One of my favorite teas is one that contains zero tea leaves. No, it’s not an herbal, it’s the Japanese green tea, Hojicha. Hojicha contains only stems. Another creation from the early twentieth century, this concoction did not exist before mechanical harvesting. Hand harvesting of tea leaves allows for only the essential parts of the plant (leaves and buds, or tips) to be plucked, leaving stems and older leaves behind. With mechanical harvesting, however, a greater amount of the plant is taken (tips, leaves, and stems). The difference between the two is like trimming a bush leaf by leaf by hand and trimming the bush with a hedge trimmer. Mechanically harvested leaves must be separated from the stems to make tea, and the stems and stalks are often discarded.
Enter, once again, an ingenious Kyoto merchant who took the twiggy remains of the harvest and roasted them. The resulting brew tea, with its dark roasted flavor, has remained popular since.
My favorite Hojicha comes from Harney and Sons. They carry only the best quality teas and since they buy directly from growers, you’re always getting a fair price.
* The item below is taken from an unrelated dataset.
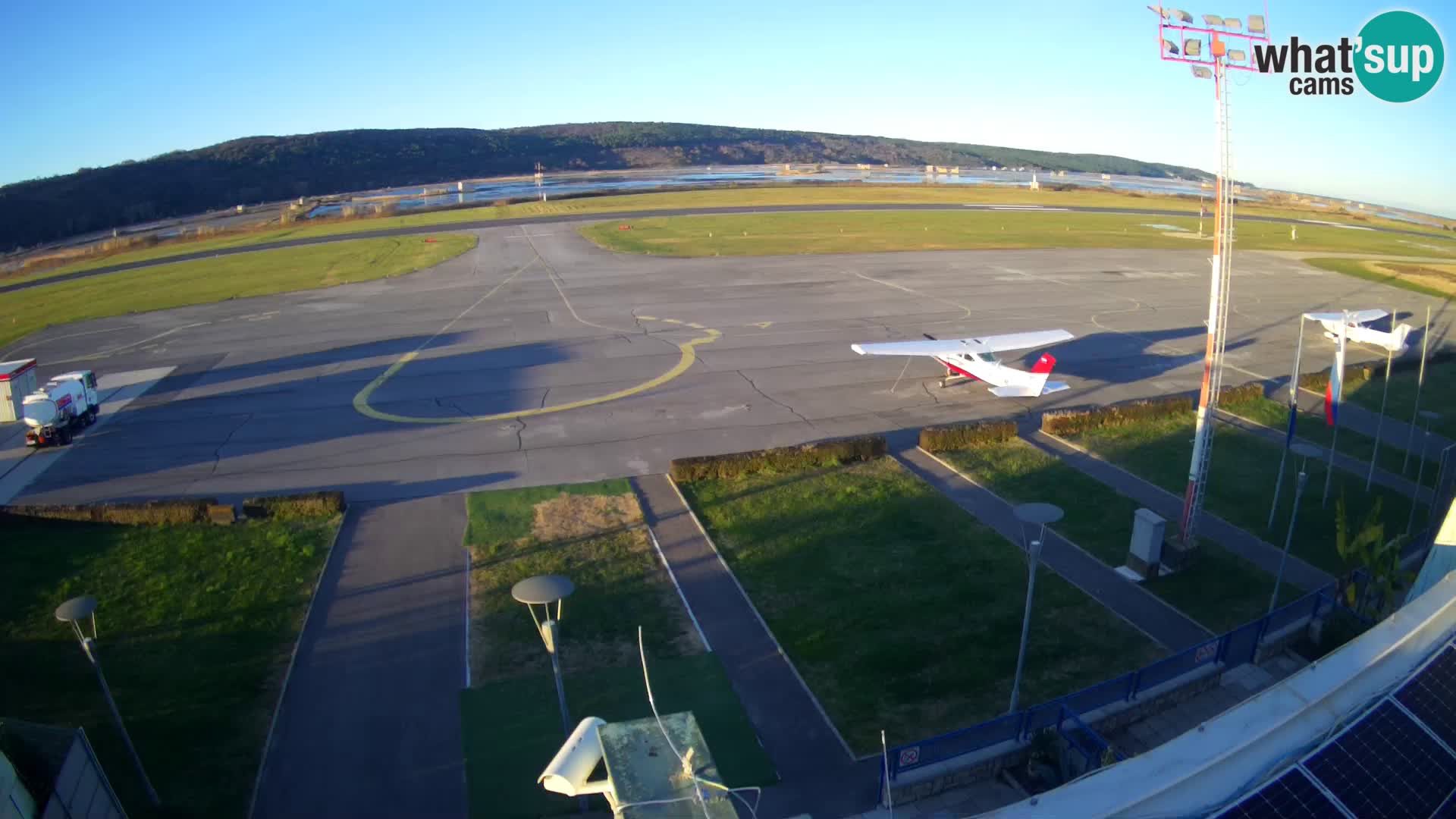 Portorož Airport: LJPZ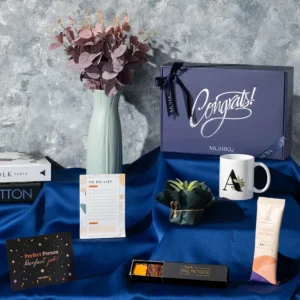 Arkadaşa Yeni İş Hediye Kutusu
The tea itself looks quite different than most green teas. All you get with Hojicha are little golden twigs of varying lengths, fairly uniform copper color. You’ll likely notice the smell of the twigs first as they give a lovely roasted scent.
Steep your twigs at 175 degrees Fahrenheit for about 3 minutes.
As the dried teas will look very different than a standard green tea, so the liquor color differs. Hojicha is a reddish brown, almost like a caramel color. The aromas are warm toasted flavors. It is not smoky like a camp fire, but is more like woodsy roasted scent.
Light bodied, the liquor is smooth with flavors reminiscent of toasted nuts. Rather than a meatiness that one may except with a nut flavor, you’ll experience a pleasant woodiness.
Because of the robustness of this tea, I often use it to introduce coffee drinkers to the expansive world tea.
If necessity is the mother of invention, then energy is the father. Recognizing a problem is one thing. Seeking a solution to it is something entirely different. Creating is costly, whether it be a solution to a problem – like making something from the byproducts of mechanical tea production – or a painting a masterpiece, as it takes energy.
Our energy is our most valuable resource.
Renewable, yes, but it should not be spent unwisely. Often people will spend exorbitant amounts of their precious energy on things that do not offer a valuable level of return. Time-sucks, they are often called, because they take up so much of our time, but they really feed on our energy. Tasks that you dread seem to be the hungriest of all.
We ought, therefore, to be conscious of our energy. To manage it versus trying to manage our time, our calendars, or those tasks and people around us.